╭─ ENTRIES PROVIDED

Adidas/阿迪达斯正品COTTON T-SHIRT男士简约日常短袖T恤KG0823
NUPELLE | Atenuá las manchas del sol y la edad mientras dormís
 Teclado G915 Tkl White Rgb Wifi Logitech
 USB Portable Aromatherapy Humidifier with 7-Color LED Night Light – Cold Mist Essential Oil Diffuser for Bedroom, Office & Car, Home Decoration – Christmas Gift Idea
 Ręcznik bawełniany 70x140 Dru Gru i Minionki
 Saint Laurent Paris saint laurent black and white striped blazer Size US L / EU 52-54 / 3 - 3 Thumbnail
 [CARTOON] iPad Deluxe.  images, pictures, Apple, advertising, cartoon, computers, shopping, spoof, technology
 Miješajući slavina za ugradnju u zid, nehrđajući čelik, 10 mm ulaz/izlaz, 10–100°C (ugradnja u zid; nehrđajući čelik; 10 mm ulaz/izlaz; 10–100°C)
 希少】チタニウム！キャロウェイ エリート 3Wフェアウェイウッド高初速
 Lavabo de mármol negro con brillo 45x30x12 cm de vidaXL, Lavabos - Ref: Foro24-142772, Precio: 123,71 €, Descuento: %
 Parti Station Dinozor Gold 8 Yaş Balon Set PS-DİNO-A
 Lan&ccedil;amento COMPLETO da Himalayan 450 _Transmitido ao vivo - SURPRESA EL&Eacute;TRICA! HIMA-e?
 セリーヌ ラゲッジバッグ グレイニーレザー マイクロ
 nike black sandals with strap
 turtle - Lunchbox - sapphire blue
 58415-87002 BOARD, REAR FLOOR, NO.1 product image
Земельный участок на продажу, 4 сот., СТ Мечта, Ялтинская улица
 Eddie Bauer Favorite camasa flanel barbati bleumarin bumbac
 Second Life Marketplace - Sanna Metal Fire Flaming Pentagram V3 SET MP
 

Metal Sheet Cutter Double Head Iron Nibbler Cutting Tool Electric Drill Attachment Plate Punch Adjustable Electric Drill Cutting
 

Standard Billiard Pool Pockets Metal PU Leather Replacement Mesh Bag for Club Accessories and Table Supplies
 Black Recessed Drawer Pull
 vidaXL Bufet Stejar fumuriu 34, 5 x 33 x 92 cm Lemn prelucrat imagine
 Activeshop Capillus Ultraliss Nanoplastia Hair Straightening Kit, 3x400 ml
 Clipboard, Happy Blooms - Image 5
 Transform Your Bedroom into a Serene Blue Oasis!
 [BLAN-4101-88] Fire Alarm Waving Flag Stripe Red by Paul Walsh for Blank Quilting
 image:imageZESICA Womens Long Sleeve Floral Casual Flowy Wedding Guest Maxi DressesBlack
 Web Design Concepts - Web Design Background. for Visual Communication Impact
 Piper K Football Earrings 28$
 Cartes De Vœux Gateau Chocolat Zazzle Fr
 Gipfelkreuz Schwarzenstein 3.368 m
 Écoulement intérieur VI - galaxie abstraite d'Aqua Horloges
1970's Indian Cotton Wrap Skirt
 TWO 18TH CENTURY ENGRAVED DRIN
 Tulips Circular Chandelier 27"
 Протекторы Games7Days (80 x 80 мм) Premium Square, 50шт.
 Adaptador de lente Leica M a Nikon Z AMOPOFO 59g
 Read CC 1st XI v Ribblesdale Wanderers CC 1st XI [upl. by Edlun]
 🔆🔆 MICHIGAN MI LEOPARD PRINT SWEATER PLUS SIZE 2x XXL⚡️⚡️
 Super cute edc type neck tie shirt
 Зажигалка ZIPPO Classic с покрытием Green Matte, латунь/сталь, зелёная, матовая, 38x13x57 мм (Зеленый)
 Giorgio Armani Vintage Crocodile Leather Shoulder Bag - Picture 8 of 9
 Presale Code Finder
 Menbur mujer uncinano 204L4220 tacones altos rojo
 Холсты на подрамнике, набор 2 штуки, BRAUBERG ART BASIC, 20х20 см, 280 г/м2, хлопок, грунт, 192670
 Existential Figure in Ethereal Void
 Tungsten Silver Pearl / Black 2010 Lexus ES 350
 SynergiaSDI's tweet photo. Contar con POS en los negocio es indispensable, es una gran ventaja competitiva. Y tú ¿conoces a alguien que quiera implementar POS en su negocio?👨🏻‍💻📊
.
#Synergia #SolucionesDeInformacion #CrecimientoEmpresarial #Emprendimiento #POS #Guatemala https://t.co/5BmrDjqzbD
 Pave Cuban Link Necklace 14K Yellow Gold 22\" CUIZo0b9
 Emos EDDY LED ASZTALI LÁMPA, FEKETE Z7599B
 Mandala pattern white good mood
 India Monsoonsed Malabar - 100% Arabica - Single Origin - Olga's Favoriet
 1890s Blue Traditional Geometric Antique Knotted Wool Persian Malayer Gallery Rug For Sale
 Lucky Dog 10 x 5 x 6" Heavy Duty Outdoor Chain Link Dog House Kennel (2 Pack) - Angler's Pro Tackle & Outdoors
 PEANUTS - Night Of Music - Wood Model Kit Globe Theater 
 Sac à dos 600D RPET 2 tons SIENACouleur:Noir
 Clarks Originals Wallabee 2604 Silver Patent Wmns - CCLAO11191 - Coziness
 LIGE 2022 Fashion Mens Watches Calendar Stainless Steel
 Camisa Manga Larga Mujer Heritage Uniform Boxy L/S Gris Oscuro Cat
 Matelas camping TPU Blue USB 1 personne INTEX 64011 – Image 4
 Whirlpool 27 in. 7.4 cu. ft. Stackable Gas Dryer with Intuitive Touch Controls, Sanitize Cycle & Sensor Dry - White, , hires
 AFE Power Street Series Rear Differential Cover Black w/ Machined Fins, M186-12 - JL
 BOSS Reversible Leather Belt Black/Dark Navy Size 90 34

╰─

**EXERCISE GOAL:**
Count the lines of the records that include the word "Link", please, and report the number alone.

**TASK ANSWER:**
2